Человек, ради разговора с которым я три дня буду читать собрание сочинений Борхеса с сомнительными перерывами на сон, с которым можно разругаться до всклокоченных волос из-за интерпретации цитаты из двух строчек. И немедленно выпить чаю, посчитав, что разговор закончен или отложен до появления новых аргументов.
Человек, с которым можно в облаке шелков, духов и кашемиров пойти в оперу, с прямой спиной, с идеальной осанкой, с пробуждающей желание врезать манерой цедить слова, презирать или непременно обожать всё вокруг. Чтобы на следующее утро одеться как вор из Франции XX века, поехать на стрельбище и молчать весь день, перезаряжая, перезаряжая, перезаряжая, не думая ни о чем.
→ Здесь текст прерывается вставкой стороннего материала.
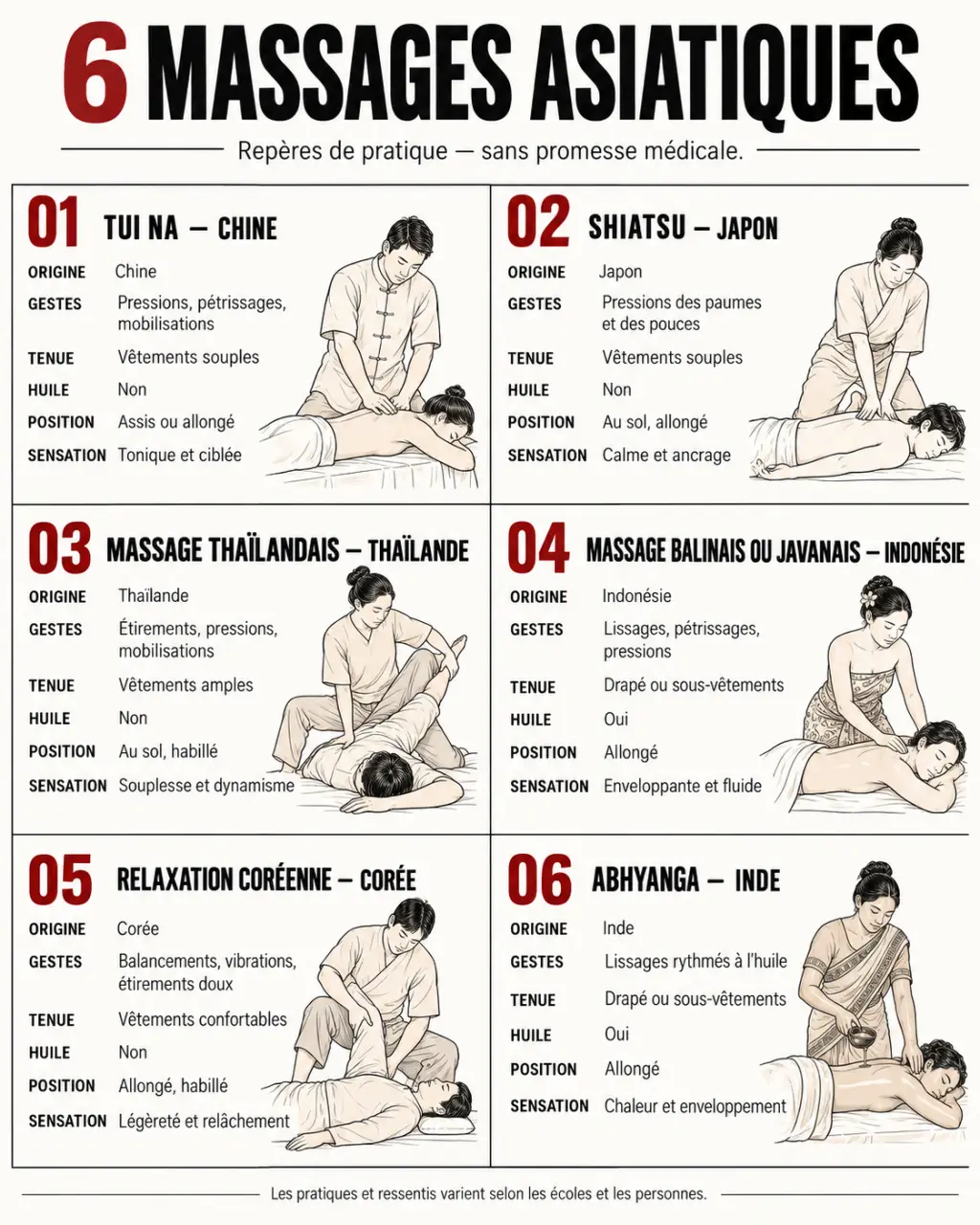 Infographie comparative des massages asiatiques selon les gestes, la tenue, l’huile et l’intensité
И это не о том, что я не могу всё это делать для себя, самостоятельно. Это о том, что я не хочу, о том, что есть вещи, которые как упавшее дерево в лесу, до которого не добрался человек, не страдающий глухотой.
Что ж, я написала этот пост и пришла к выводу, что пора перестать ныть и вылезти уже из пещеры, в которой я лежу лицом вниз и ору. На эти вопли меня разве что придушить придут. А я им, очень вежливо:
— Что вы думаете об и. и. каммингсе?..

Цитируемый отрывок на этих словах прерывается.